Dikkatli olmalıydı. Hem de çok.


Yanı başında bir kirpi belirdi; uzun ve genişti, genç olduğunu gururla göstermekten geri durmayan kırmızı burnu dikikdi. Gözlerinde biraz alaycı ve meydan okuma vardı ihtiyar kirpiye.


Sonra hiç bir şey demeden alev gibi yanan asfalta bıraktı kendini. Arabalar arı misali geçerken ihtiyar şaşkınlıkla baka kaldı. Genç kirpi hiç hızını kesmeden kırmızı arabanın altından geçti. İhtiyar bir an çığlığını duyacak sandı ama araba ona dokunmadan geçip gitmişti. Daha yolun başında olmasına rağmen ve üstünden tırlar geçmesine rağmen hiç bir renkli araba dikenlerine dokunmadan ardında bıraktı genç kirpiyi.


İhtiyarın kalbi deli gibi çarpıyordu. Yolu yarılamıştı düşüncesiz kirpi. Bir kez bile durmadan yürümeye devam ederken arkasına bile bakmamıştı. Fazla yaşamaz diye diye düşündü ihtiyar kirpi.

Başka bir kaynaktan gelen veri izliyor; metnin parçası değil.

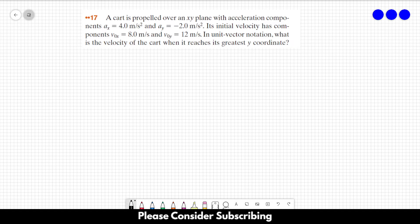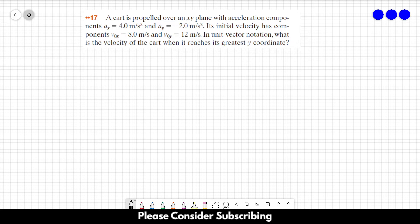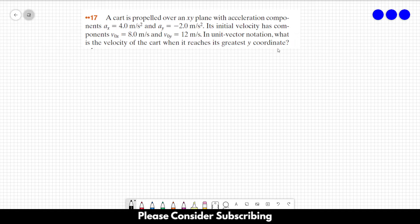A car is propelled over an xy plane with acceleration components Ax equals 4 meters per square second and Ay equals minus 2 meters per square second. Its initial velocity has components V0x equals 8 meters per second and V0y equals 12 meters per second. In unit vector notation, what is the velocity of the car when it reaches its greatest y coordinate?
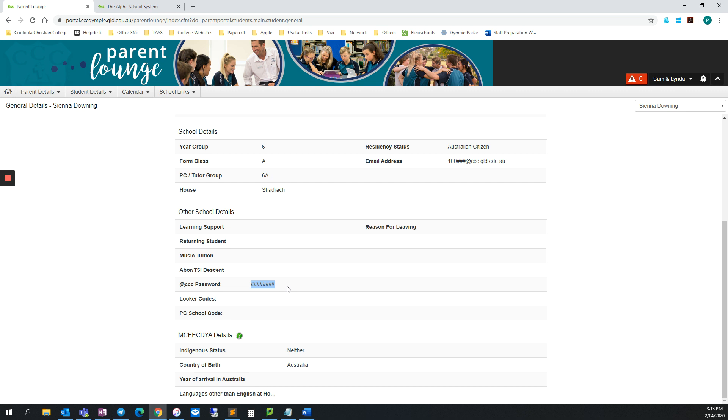Now that you have your child's Office 365 username and password, you are ready to download and sign into Microsoft Teams.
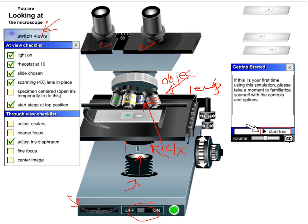The at-view checklist shows items that need to be checked off. When I went through it, I had done five out of six. The last one — moving the specimen — hadn't been done. The onion slide needs to be moved to a certain position, which you do using these two controls. Also, the stage at the top needs to be in position, meaning you adjust the coarse focus to lift the stage up to its maximum height.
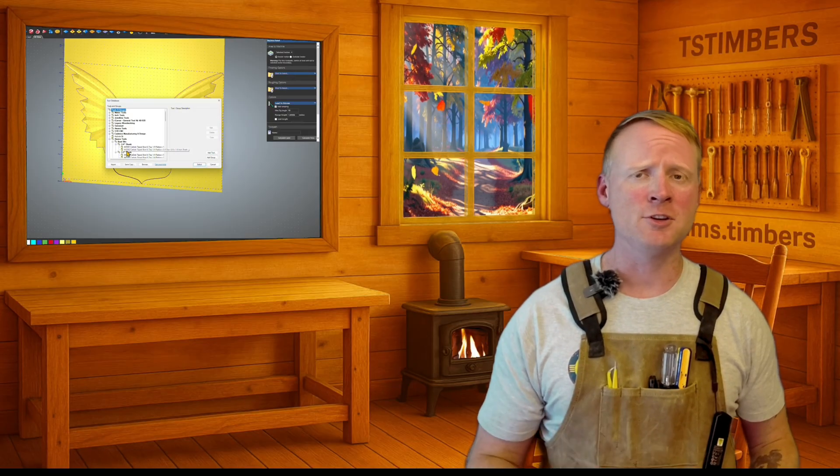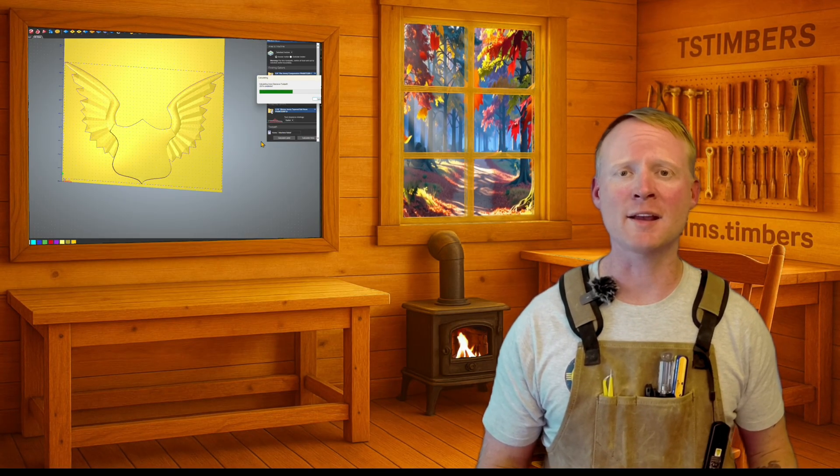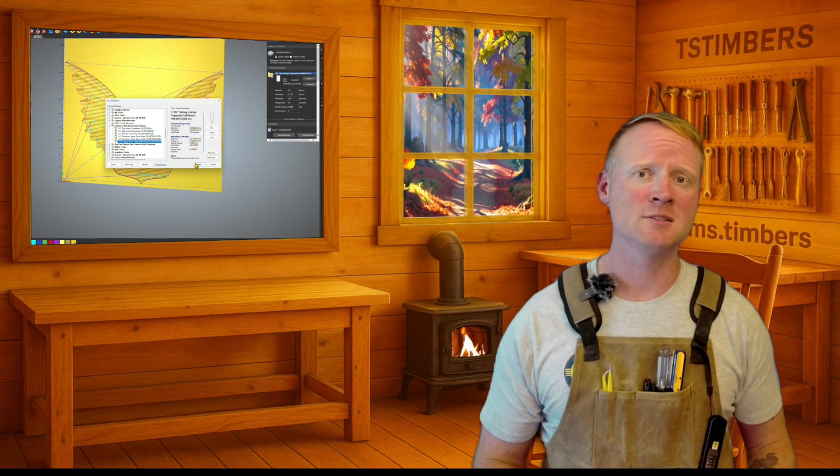Carveco isn't just slapping some generic 3D art together — it's generating models that are actually meant to run cleanly on your machine. If you're new to CNC, this makes things way more accessible. And if you've been carving for years like me, you already know how much time this can save. I've spent hours hand designing reliefs just to get them to the point where I can carve them. Now I can mock up an idea, hit generate, and have something I can cut before lunchtime.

Güneş biraz daha batıya kaydığında genç kirpi karşıya geçmişti. İhtiyar görünmeyen bir tanrının parmakları bu işte olduğunu varsaydı. Hayatı boyunca hep dikkatli ve adımlarını ölçer olmuştu; köpeklerin azgın dişlerinden kedilerin meraklı patilerinden ve çakalların kurnaz burnundan hep kaça gelmişti. Ondan yaşı fazlaydı ya. Zamanı bekleyip değerlendirerek hareket eden bir bilgelikti onun yıllara mal olan.


Ama şimdi genç tilkiye baktığında içinde deli bir kızgınlık alev aldığını hissediyordu. Karşıya geçmiş geriye dönüp alaylı bir bakış fırlatıp sıcak topraklara adımını atıp gözden kaybolmuştu.


Neden kızgın olduğunu bilmiyordu. Bu kızgınlıkla sağlıklı karar veremem diye hemen kendini bir çalılıklara attı, dikenleri vardı diplerde, işlemez bana diye sokuldu.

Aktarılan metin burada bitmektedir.